Boletim Técnico
ano 2 | número 6 | julho de 2014
DOENÇA DE ALZHEIMER: Aplicação clínica
da dosagem de biomarcadores no liquor
Demência é uma síndrome clínica caracterizada por declínio das
funções cognitivas, envolvendo um ou mais domínios, como
aprendizado, memória, linguagem, atenção, cognição social e
funções e habilidades executivas. Os déficits devem ser acentuados
o bastante de forma a interferir com as atividades cotidianas e a
independência do paciente.1
As principais síndromes demenciais são a Doença de Alzheimer
(DA), demência com corpos de Lewy, degeneração lobar
frontotemporal, demência vascular e demência associada à Doença
de Parkinson. Destas a DA é a forma mais comum, sendo
responsável por 60 a 80% dos casos de demência em pacientes
idosos.1
MANIFESTAÇÕES CLÍNICAS DA DOENÇA DE ALZHEIMER
Clinicamente, a DA se manifesta como um distúrbio cognitivo
caracterizado por déficit precoce de memória episódica que evolui
de forma gradual e progressiva ao longo de uam período de no
mínimo 6 meses.2 Este déficit deve ser compatível com síndrome
amnéstica do tipo hipocampal, identificada por meio de teste de
recordação livre tardia de lista de palavras, sentenças ou objetos.

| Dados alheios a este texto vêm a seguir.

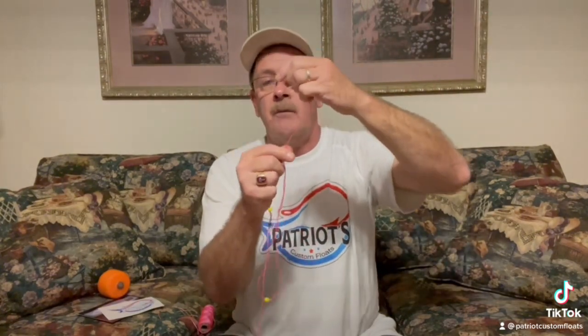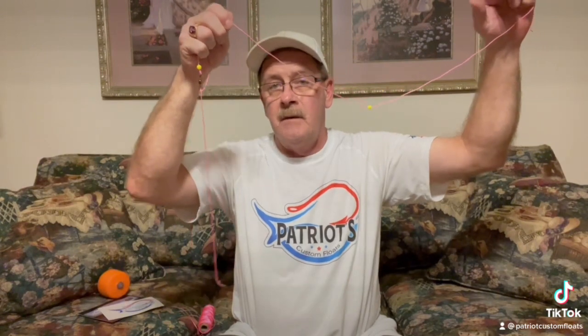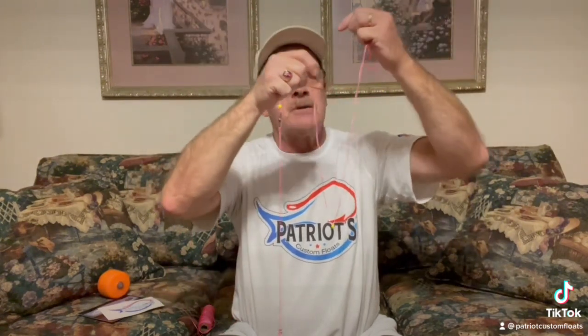You set your bobber stop knot up to whatever depth that you want your bait to be at, pull that bobber stop up, lock it down tight, and let your bead slide back down to where it's castable.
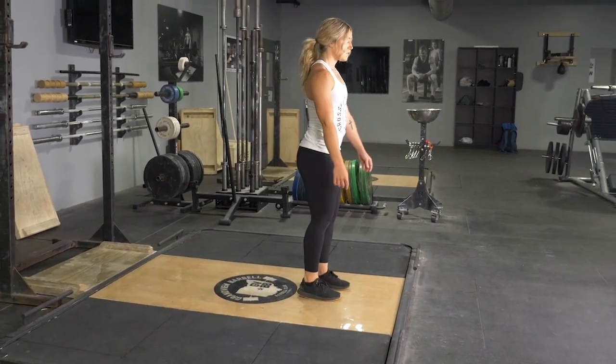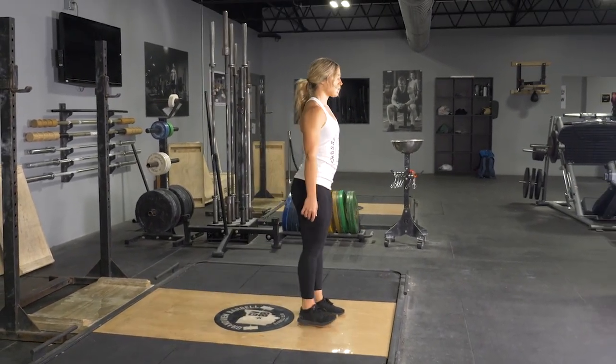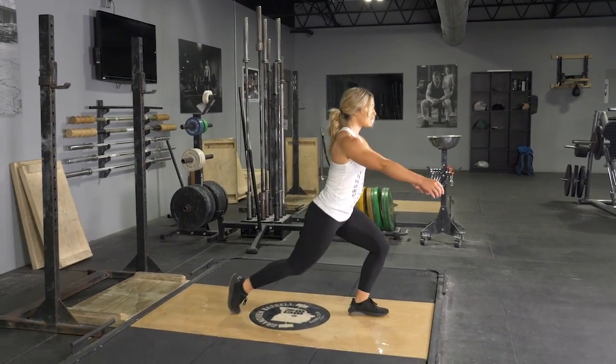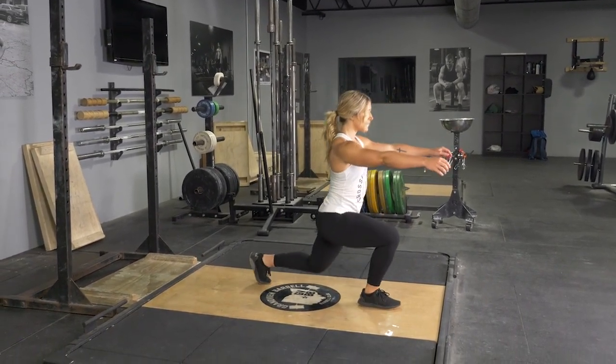To complete the reverse lunge exercise, begin standing in an upright position, feet hip-width apart. From here, reach one leg back three to four feet, depending on the length of your legs.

Entretanto, a acurácia dos testes clínicos para o diagnóstico da DA é
limitada, com sensibilidade variando de 71% a 88% e especificidade
variando de 44% a 71%, quando se considera o diagnóstico
histopatológico como padrão ouro.3
A histopatologia da DA é caracterizada pela deposição extracelular
de agregados da proteína β-amiloide com a formação de placas
neuríticas, e pela deposição intracelular de agregados da proteína
tau fosforilada. A proteína tau tem como função a estabilização dos
microtúbulos. Na DA ocorre hiperfosforilação da proteína tau, com
consequente dissociação da proteína dos microtúbulos e
agregação da proteína tau fosforilada sob a forma de filamentos
helicoidais pareados insolúveis. Por fim, os filamentos helicoidais se
organizam sob a forma de emaranhados neurofibrilares
intracelulares (ENF).2,4
ANÁLISE DOS BIOMARCADORES NO LÍQUOR NA DOENÇA DE
ALZHEIMER
As proteínas β-amiloide, tau total e tau fosforilada podem ser
quantificadas no líquido cefalorraquidiano (LCR). Na DA, estes
biomarcadores
apresentam
uma “assinatura
patológica”
característica que inclui a diminuição da proteína β-amiloide (Aβ),
principal componente das placas neuríticas, e o aumento das
proteínas tau total (T-tau) e tau-fosforilada (P-tau), devido à
degeneração neuronal associada ao acúmulo intracelular de ENF.3,4
Este perfil de diminuição da concentração da proteína Aβ associada
ao aumento da concentração de T-tau ou P-tau permite o
diagnóstico diferencial entre a DA e outras formas de demência com
sensibilidade e especificidade em torno de 90% a 95% (Tabela 1).3,4
Tabela 1: Perfil de alteração das proteínas Aβ1-42, T-tau e P-tau nas principais síndromes demenciais, utilizando-se
como referência pacientes com queixa subjetiva de comprometimento da memória (Schoonenboom e cols.)
DOENÇA
Aβ1-42
T-tau
P-tau
QSCM
Referência
Referência
Referência
Alzheimer
↓↓
↑↑
↑↑
DLFT
↓
↑
=
DCL
↓
↑
↑
Demência vascular
↓
=
=
Creutzfeldt-Jakob
=
↑↑↑
↑
Transtornos psiquiátricos
=
=
=
QSCM = Queixa subjetiva de comprometimento da memória; DLFT = Degeneração lobar frontotemporal;
DCL = Demência com corpos de Lewy. ↓↓ redução acentuada em comparação com QSCM e outras demências;
↑↑ aumento acentuado em comparação com QSCM e outras demências;
↓ redução acentuada em comparação com QSCM; ↑ aumento acentuado em comparação com QSCM;
= semelhante a QSCM; ↑↑↑ extremamente aumentado comparado aos demais grupos.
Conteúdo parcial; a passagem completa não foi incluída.